■ **Items from a dataset**:
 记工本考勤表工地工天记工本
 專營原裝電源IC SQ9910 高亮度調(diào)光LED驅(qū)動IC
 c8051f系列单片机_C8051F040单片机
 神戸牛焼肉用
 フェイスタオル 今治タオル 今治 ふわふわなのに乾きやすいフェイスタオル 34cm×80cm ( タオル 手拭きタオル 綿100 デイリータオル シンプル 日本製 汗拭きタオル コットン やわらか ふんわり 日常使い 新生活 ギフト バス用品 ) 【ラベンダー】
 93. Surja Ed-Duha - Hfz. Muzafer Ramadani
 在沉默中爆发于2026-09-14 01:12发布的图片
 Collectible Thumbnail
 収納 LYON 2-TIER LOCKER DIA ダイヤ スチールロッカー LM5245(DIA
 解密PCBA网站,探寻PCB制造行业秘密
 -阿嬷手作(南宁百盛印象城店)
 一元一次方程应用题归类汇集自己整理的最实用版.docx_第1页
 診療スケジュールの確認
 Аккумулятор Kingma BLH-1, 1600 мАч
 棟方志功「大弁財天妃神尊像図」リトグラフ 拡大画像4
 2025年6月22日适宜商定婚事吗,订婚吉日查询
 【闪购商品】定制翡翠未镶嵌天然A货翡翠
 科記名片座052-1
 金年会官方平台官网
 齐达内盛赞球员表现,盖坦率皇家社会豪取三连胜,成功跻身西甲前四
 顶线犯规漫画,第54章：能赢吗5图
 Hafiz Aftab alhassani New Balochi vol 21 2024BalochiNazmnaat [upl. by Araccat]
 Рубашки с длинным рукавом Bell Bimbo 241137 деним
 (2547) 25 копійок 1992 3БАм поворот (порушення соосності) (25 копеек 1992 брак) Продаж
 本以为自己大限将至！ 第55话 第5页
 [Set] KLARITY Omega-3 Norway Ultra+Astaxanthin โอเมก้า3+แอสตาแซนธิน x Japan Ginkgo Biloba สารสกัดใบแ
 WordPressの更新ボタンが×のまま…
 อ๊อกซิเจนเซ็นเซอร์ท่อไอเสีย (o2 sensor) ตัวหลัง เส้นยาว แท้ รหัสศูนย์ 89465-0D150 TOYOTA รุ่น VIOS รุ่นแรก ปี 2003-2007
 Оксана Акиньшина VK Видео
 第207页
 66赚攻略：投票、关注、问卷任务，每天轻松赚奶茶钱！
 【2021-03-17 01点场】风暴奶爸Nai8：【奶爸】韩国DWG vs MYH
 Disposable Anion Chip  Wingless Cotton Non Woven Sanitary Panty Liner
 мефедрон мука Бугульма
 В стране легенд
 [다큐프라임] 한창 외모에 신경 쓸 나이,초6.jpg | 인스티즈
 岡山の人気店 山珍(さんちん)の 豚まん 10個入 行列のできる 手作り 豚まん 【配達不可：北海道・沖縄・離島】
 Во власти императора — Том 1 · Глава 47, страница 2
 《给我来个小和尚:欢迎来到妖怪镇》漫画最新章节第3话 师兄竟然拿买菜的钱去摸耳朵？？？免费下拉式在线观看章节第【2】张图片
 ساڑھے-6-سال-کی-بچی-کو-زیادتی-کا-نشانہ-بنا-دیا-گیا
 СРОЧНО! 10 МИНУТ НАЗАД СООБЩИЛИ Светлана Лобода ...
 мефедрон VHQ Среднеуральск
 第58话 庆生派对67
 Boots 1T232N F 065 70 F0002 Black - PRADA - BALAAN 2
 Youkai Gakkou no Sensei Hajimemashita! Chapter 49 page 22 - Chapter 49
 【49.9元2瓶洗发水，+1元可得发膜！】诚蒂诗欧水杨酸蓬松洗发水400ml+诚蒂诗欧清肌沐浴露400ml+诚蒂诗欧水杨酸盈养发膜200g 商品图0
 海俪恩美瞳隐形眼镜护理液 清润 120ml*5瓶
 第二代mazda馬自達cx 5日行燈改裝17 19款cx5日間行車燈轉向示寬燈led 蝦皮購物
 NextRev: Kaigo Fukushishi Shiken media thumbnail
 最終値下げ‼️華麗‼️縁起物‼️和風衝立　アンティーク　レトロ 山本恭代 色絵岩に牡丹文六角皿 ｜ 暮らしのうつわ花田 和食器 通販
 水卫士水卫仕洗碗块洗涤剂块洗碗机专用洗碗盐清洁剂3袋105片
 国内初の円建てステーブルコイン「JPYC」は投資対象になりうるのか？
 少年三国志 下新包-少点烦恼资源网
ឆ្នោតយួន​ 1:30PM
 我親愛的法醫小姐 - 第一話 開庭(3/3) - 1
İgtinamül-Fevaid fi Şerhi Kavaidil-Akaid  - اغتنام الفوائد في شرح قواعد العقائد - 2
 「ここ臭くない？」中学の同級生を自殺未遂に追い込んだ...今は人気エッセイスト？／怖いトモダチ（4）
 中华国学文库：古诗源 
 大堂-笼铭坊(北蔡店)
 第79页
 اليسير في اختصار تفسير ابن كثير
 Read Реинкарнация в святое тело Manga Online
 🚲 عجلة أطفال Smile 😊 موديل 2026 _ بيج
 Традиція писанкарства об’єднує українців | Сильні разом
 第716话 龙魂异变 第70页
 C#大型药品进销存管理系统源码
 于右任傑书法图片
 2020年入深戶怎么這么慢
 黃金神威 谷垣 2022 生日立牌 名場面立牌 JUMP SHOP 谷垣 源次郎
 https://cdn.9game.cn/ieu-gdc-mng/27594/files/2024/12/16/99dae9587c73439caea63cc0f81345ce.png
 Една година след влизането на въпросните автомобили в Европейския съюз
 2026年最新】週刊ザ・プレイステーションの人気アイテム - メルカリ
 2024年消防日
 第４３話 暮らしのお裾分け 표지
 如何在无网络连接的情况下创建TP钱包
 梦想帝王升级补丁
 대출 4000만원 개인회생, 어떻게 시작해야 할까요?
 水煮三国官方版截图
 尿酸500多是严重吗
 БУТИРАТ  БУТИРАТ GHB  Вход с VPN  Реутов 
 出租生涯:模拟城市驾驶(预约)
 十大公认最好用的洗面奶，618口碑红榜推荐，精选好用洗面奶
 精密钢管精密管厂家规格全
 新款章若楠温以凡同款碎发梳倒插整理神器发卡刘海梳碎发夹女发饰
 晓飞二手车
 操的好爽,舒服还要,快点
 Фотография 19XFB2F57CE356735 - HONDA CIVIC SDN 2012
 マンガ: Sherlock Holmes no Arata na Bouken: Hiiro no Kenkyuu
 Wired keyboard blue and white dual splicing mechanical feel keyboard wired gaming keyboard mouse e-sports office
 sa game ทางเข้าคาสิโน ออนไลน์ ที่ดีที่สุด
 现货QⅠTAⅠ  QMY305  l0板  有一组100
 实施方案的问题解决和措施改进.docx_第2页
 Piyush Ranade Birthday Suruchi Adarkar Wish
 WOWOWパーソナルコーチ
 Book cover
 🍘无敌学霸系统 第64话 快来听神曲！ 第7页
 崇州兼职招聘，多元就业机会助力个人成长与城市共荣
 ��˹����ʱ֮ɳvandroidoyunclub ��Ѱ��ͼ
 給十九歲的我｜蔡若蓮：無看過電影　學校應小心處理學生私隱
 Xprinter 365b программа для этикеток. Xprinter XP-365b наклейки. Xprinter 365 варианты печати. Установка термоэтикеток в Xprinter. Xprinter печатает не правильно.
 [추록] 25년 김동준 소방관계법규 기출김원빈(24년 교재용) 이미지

■ **BRIEF**: The answer must be a verbatim transcription of the entries above, from the first line through the line that contains "Collectible Thumbnail", and nothing more.

■ **RESULT OF THIS EXERCISE**:
 记工本考勤表工地工天记工本
 專營原裝電源IC SQ9910 高亮度調(diào)光LED驅(qū)動IC
 c8051f系列单片机_C8051F040单片机
 神戸牛焼肉用
 フェイスタオル 今治タオル 今治 ふわふわなのに乾きやすいフェイスタオル 34cm×80cm ( タオル 手拭きタオル 綿100 デイリータオル シンプル 日本製 汗拭きタオル コットン やわらか ふんわり 日常使い 新生活 ギフト バス用品 ) 【ラベンダー】
 93. Surja Ed-Duha - Hfz. Muzafer Ramadani
 在沉默中爆发于2026-09-14 01:12发布的图片
 Collectible Thumbnail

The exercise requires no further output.